Animals have played a prominent role since the Virginia State Fair began in 1854. Cattle, horses, pigs, goats, chickens, rabbits and sheep are always featured, and then there's the occasional zonkey.*
By the year 2008, it became nigh on impossible to distinguish between the livestock on display, and the humans being herded through food mazes and ride lines as if they were livestock.
Folks? Let me give you a few tips about going to the state fair:
1. Never--EVER--go on a Saturday. The End.
OK, there are a few other tips I'd like to share:
2. Never go on the last Saturday of the fair.
3. If you do either of the above, expect to share your visit with every overfed, overstimulated, over-sugarfied, over-fructosecornified family or family-like cluster who do not get out much (present company included) from the states of Virginia, West Virginia, Kentucky, Alabama, every other state in the continental U.S., plus several representatives from Europe,who stand out because they're the ones laughing and pointing at all of us natives shoveling deep-fried cookies down our throats while others are placing bets on how long it will be before the chest pains begin.
4. The proper adult to child ratio or ideal span of control should be 1:1 or at least 1:2. I was handling three children in a crowd which outnumbered the population of Hong Kong. No good.
After way too much time spent eating and riding death traps also known as rides, I convinced the group to see the animals. Approximately 2 hours later, after walking a distance equivalent to the length of the Appalachian Trail (with 3 children in tow), we finally found the barn area.
When I came up on these ducklings, I wanted to get right up there with them and slide head first down that slide.
While searching for other animal exhibits, we walked through a tent where they were showing cattle. We were right dab-smack in the middle of the whole event, and there were killer cows everywhere. These killer cows were being showed by children who could not have been more than 12 years old. We high-tailed it out of there, because cows can sense fear and weakness, and I was emitting enough "I'm petrified" hormone to create a stampede.
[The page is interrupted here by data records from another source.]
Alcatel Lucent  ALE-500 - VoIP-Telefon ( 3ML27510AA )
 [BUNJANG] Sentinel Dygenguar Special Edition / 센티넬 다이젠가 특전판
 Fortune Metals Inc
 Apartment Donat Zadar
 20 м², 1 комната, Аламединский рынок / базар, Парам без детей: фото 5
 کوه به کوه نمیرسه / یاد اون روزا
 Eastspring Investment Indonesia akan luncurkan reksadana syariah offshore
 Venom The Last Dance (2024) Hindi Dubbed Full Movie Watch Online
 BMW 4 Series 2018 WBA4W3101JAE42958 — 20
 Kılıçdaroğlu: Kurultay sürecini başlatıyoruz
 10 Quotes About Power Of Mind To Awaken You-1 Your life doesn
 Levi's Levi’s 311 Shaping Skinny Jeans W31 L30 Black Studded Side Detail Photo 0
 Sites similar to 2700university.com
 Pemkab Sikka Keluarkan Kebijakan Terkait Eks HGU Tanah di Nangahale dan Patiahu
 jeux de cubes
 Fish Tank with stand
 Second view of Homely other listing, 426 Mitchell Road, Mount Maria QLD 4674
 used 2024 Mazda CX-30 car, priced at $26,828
Finally, I found someone I could relate to. This individual had an attitude about being at the state fair and was sick and tired of being subjected to loud noises, people, crowds of people and throngs of people in close confinement and 90-degree weather.
Here is my new friend:
*A zonkey is a cross between a zebra and a donkey, although the term may also be used to describe Chesapeake Bay Woman in the hours after lunch, especially between 2 and 4, at the paying job also known as work.
7 comments:
such a funny post - I can just PICTURE it so well from your descriptions. sounds like hell to me...but if you hadnt gone we wouldnt have had this funny post to read. Your new friend looks very stylish! thanks for the early morning smiles :-)
Never go ANYWHERE on a Saturday. Too many damn people. It's always better to skip work to do stuff instead. That's what I always say.
I want that hen's "hair."
I not only can picture your visit to the State Fair but I could also smell the animal exhibits.
I guess it is because I am a highly SENSUAL person, you know.
Bear((( )))
I don't like to leave my house on Saturdays. Your new name is Brave CBW. I want that chicken's hairdo. Oh wait, I have it.
Did they use Aqua Net on that chicken's hair? Bahahahaha!
We like to go to the fair on opening day. Believe it or not, the bathrooms are still clean then. Of course, the "bathroom attendants" still expect to be tipped. Go figure.
A crested polish! Yes, I am a Poultry Geek, a Fowl Hag, a Bird Nerd.
And while I DO take my kidlets to the fair on a Saturday (pretty much have to), I don't go ANYWHERE ELSE on a Saturday. Or, ever.
Glad you survived -- here, have some chick scratch.
I think your new friend is quite pretty.
Oh and I MORE than agree with SINAFF, never ever ever go anywhere on a Saturday. Especially Disneyland. I still bear the scars from THAT one!